Results demonstrate the power of the two main contributions. Table 8 results demonstrate the power of using t-test analysis for statistical significance and nodule embedding, as best results are achieved on those models (3, 6, 9, 12). Table 9 confirms that the whole hybrid strategy outperforms in Accuracy (96.30), Sensitivity (100) and F1 Score (97.67) the state of the art methods. Notice that in computer-aided diagnose, sensitivity is significant because correctly finding out patients with malignant nodules is crucial. A remarkable outcome is that our approach outperforms deep approaches with only requiring 290 parameters (in contrast to the thousands required by deep methods). This has a direct impact with the small training data needed.

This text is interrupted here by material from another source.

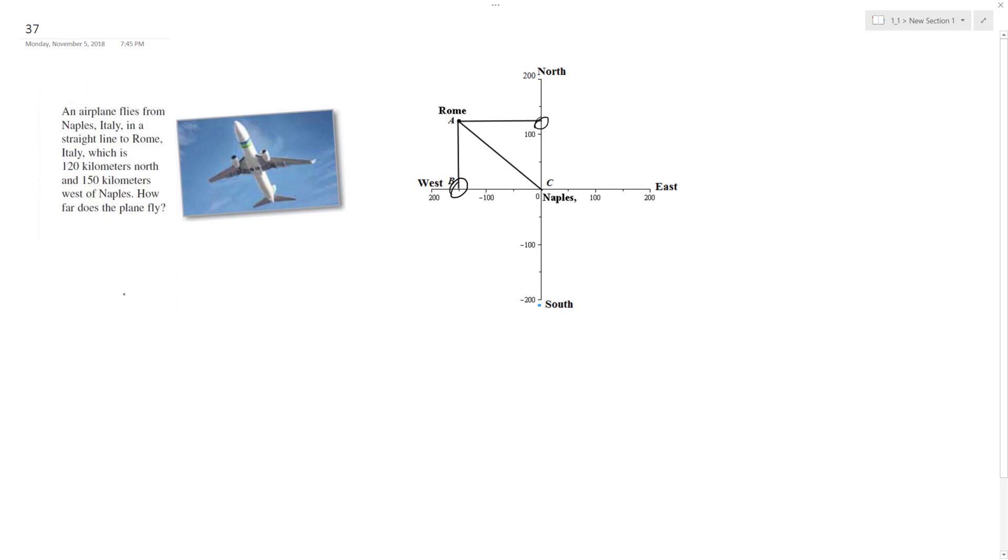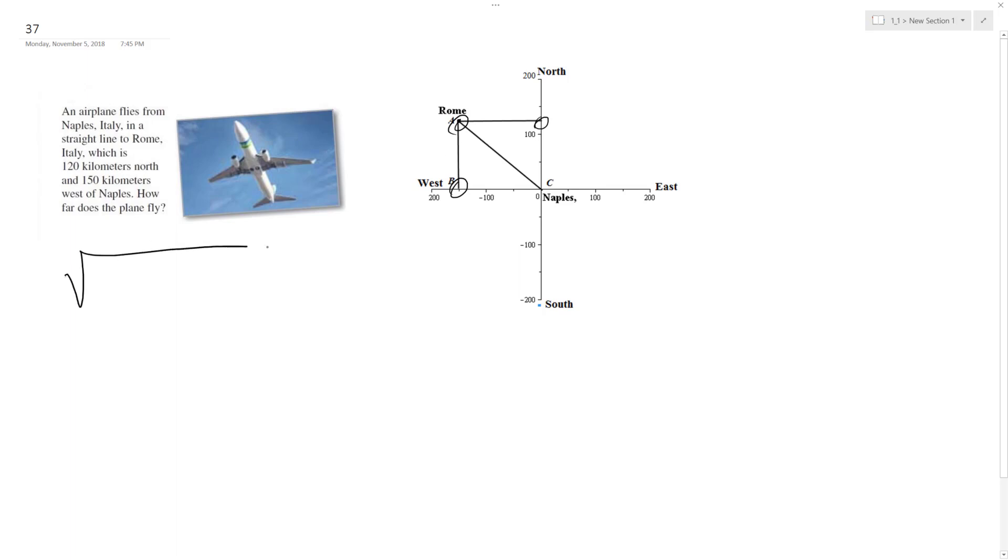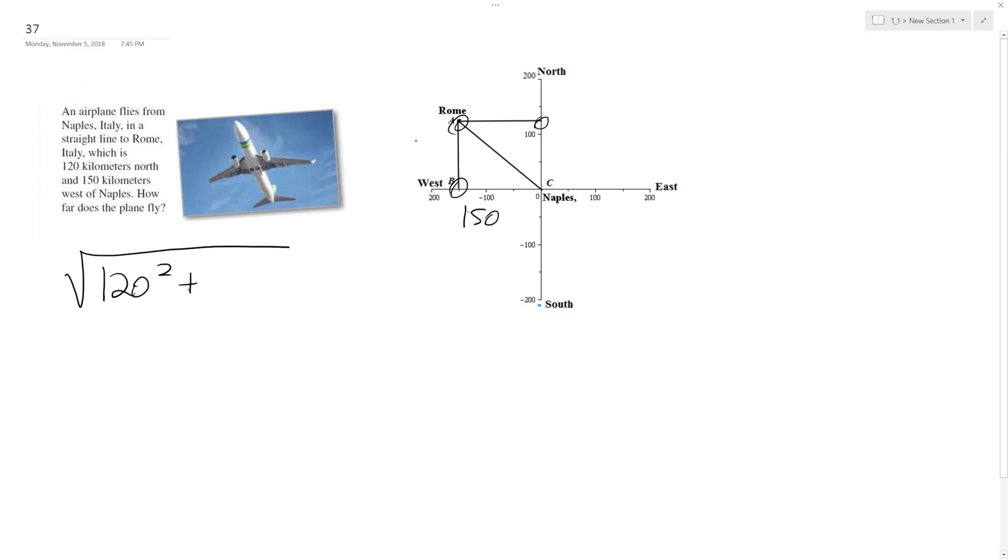So this is just the distance formula. All we're doing here is figuring out what it is. It's the distance formula or the Pythagorean theorem. So this is essentially just the square root of 120 squared plus... so this is 120 down here, and then up. Actually, it's 150. Negative 150, but 150, and then 120, and this is all we're doing.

Our work could be improved in the following aspects. Nodule embedding bases on a combination of simple t-tests as a first approach to a statistical selection of features, which disregards correlations across GLCM features. Future work will explore the use of other statistics (like regression models) taking into account multiple comparisons across features. In addition, it is planed to increase the database and introduce our own-defined metrics as the loss function of the fully connected network to guide training to ensure maximum clinical outcome.